The Humanitarian and the Political

However, if the success of esteem that humanitarian action has gained is the reason why it has been adopted by politics, it also constitutes a breach in cold state reasoning, a chink through which ethical demands are able to infiltrate the domain of the calculation of interests. Thus distinguishing between humanitarian and political is not simply a matter of contrasting the transparency of a virtuous action with the opaqueness of a power strategy, the warm enthusiasm of civil society with the cold calculations of States. Rather, on a another level, we have to take differences in nature into account: the man that humanitarian action addresses is not a political animal, but a being who is negatively defined. In response to the question "What is man?", humanitarian philosophy replies that he was not made in order to suffer. This rules out any balancing out in the form of sacrifices: no victim can be deliberately abandoned in favour of another, any more than a life today can be weighed up against a future one, or the relieving of suffering here allows us to put up with neglect elsewhere. Of course, a limit in resources means that choices have to be made, but the logic and constraints of action do not alter the basis of the humanitarian vision which by definition ignores the considerations of time and space that politics adheres to.

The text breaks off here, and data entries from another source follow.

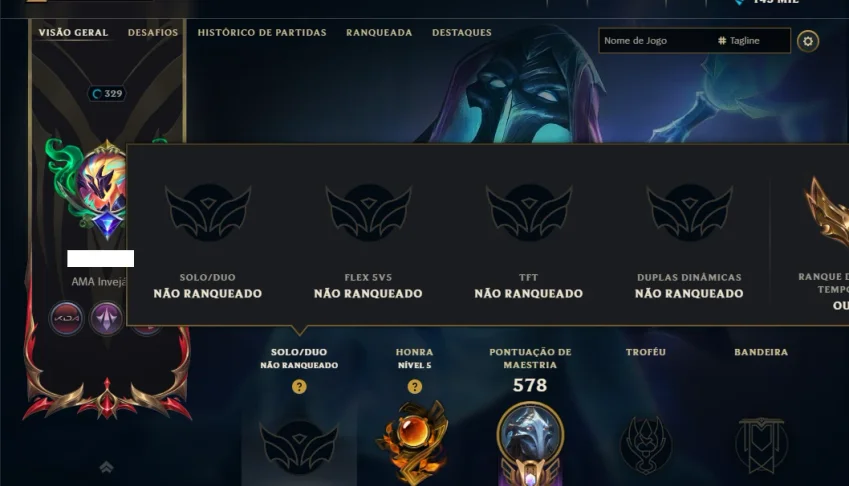 Unranked com TODOS os Champs e 161 Skins ( MID / TOP / JG )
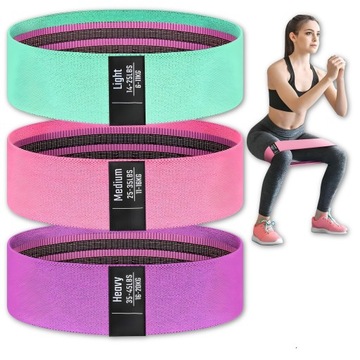 GUMY DO ĆWICZEŃ OPOROWE FITNESS TAŚMY TRENINGOWE 3 SZT MINI BAND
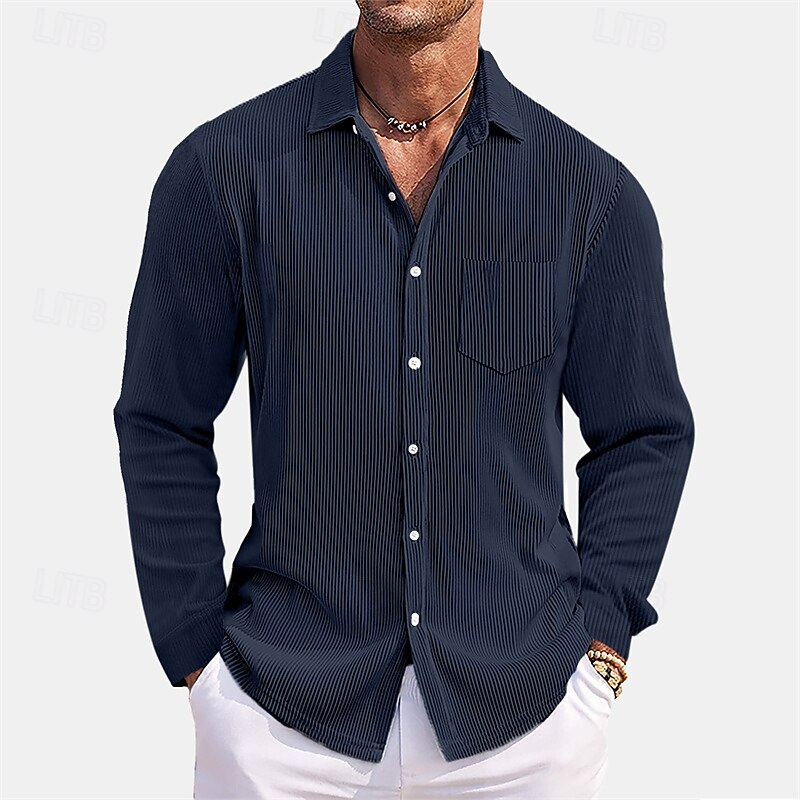 Men's Shirt Summer Shirt Casual Shirt Beach Shirt Button Up Shirt Black White Red Dark Navy Sky Blue Long Sleeve Plain Lapel Vacation Hawaiian Pocket Clothing Apparel Polyester Fashion Casual4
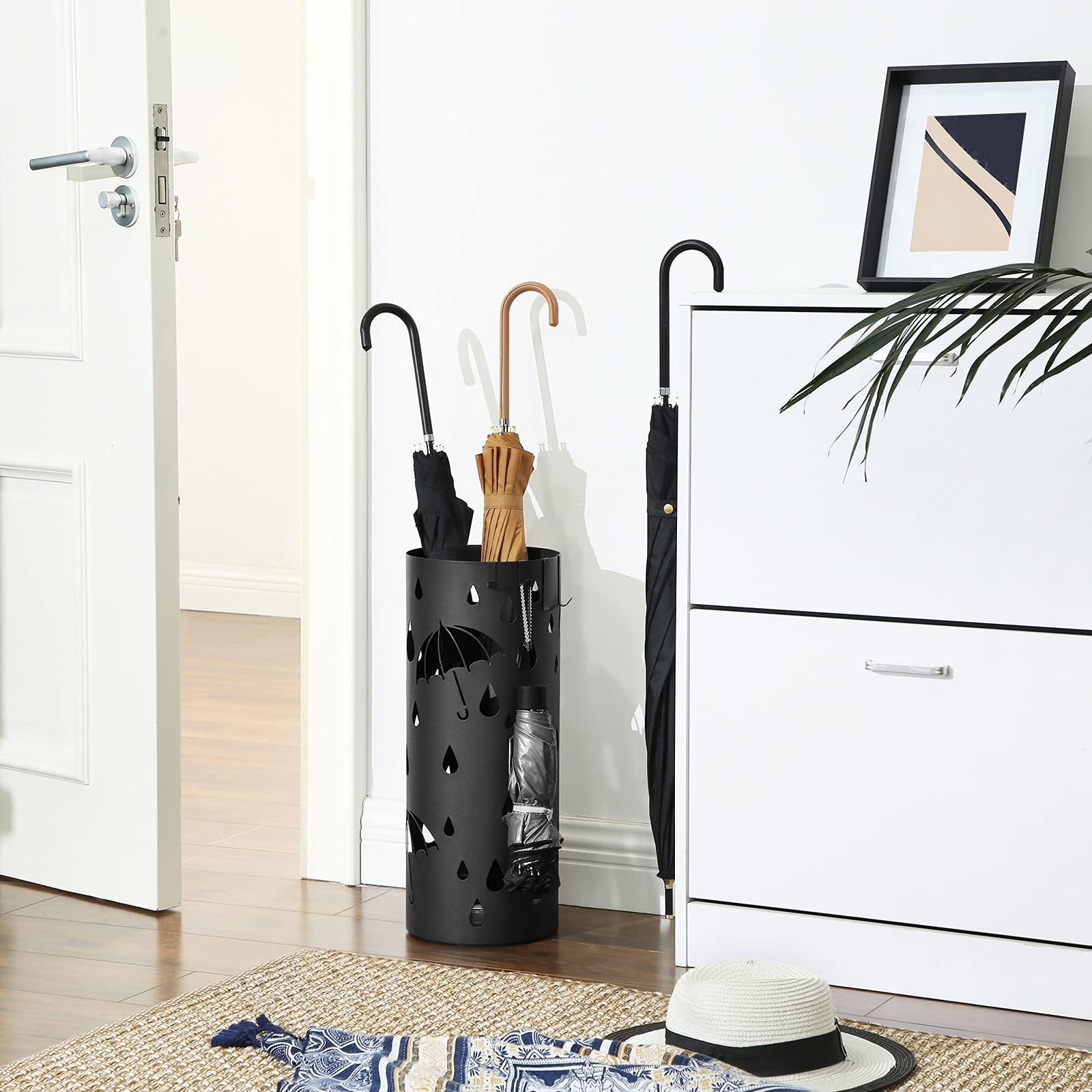 Songmics portaombrelli metallo nero rotondo 19,5x49 cm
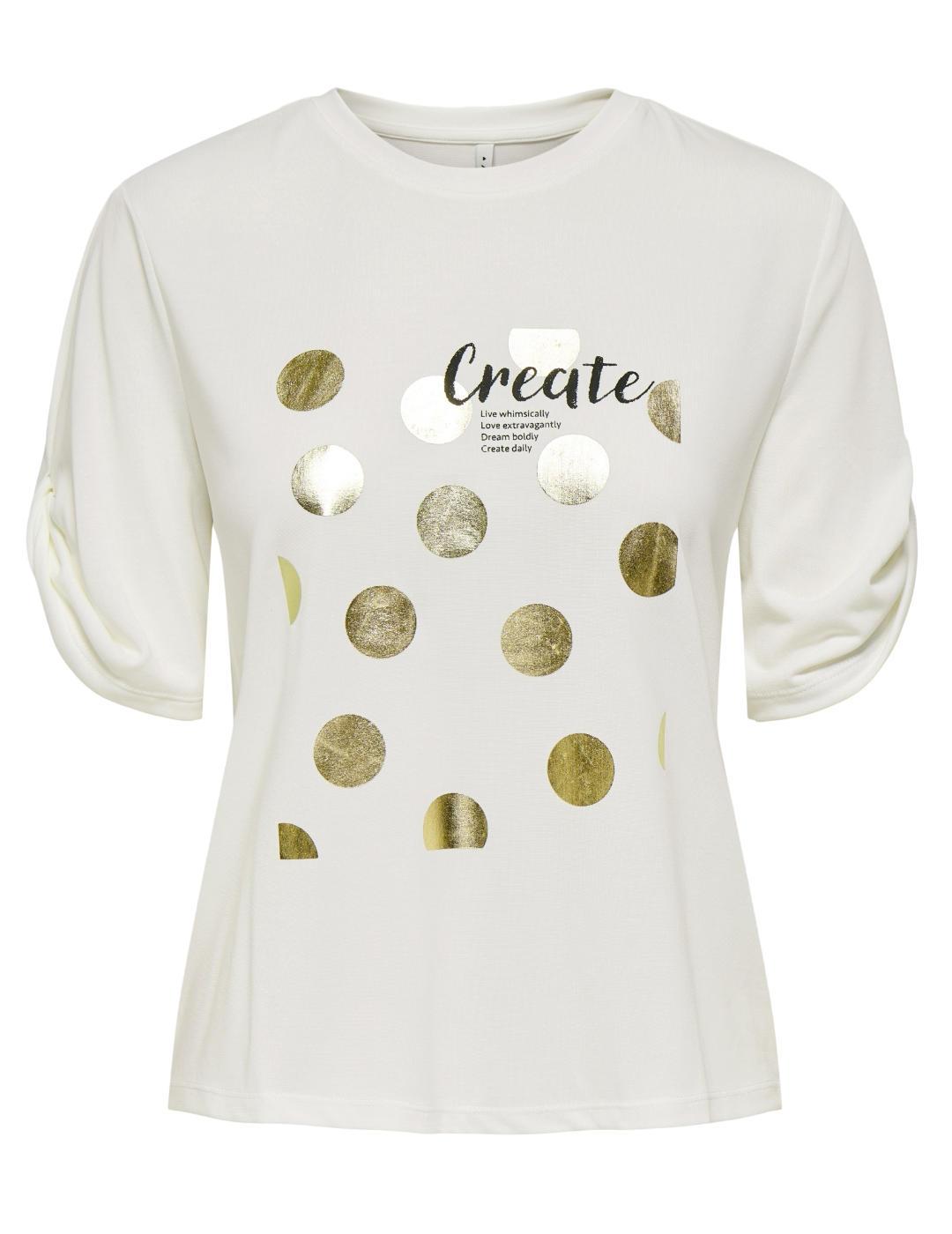 Camiseta Only Free blanca create manga corta para mujer
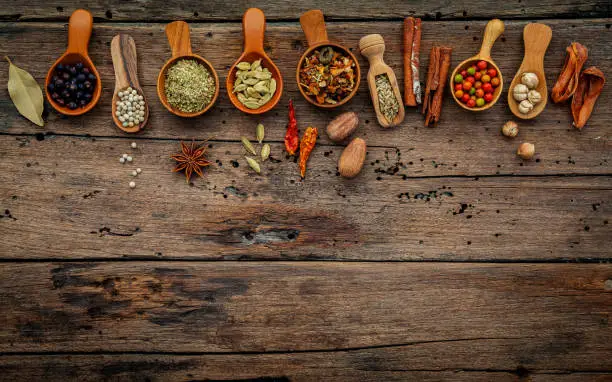 Photo of Various herbs and spices in wooden spoons on wooden background.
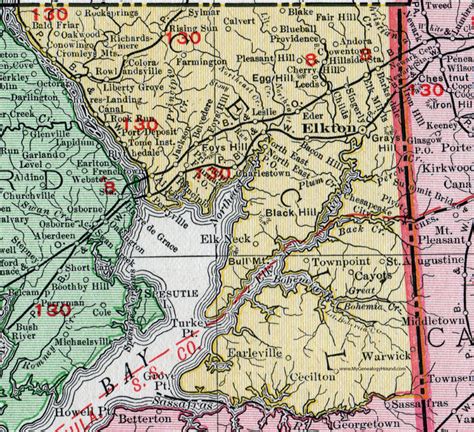 Cecil County Maryland Map 1911 Rand Mcnally Elkton Perryville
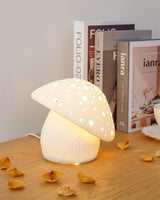 Modern Fungo White Ceramic Mushroom Table Lamp for Bedroom and Elegant Office Lighting Decor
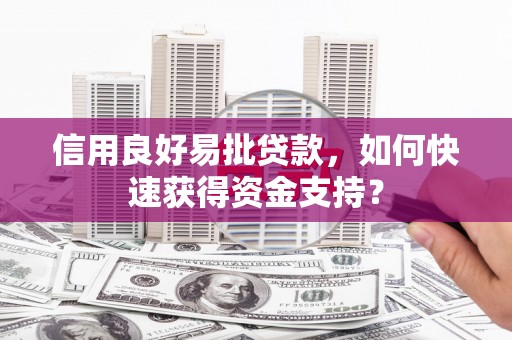 依兰信用良好易批贷款，如何快速获得资金支持？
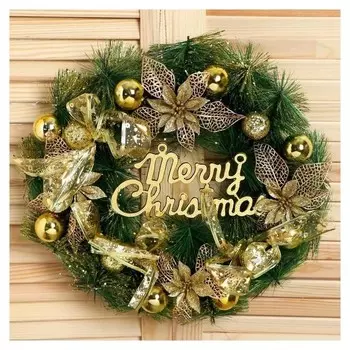 Венок новогодний D-40 см "Золотые бантики"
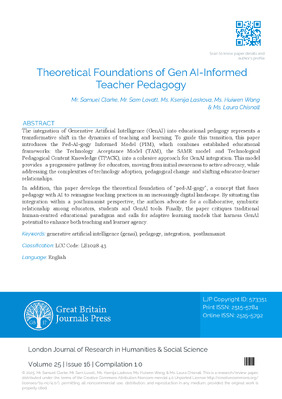 Theoretical Foundations of Gen AI-informed Teacher Pedagogy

If these two levels of action are confused, then we court the joint discrediting of both humanitarian action and politics. Politics is moved from the realm of deliberation and responsibility to that of deploration and charity. The demand for justice is submerged in the rhetoric of goodness and humanitarian action is reduced to a public relations tool which is judged according to its media performance. In other words, the aspiration for universality is perverted in the illusion of all- powerfulness, and the other is confined in an extreme otherness whereby the haves and the have- nots, the strong and the weak, those who show their benevolent solicitude and those who receive it are all frozen in their respective, unchanging situations. Of course, the inherent ambiguity of humanitarian activity cannot be overcome, unless the actual problems at its origin have been resolved. But in refusing to distinguish between Antigone's and Creon's two moral philosophies, humanitarian activity risks seeing itself personified by quite another figure; that of Tartuffe.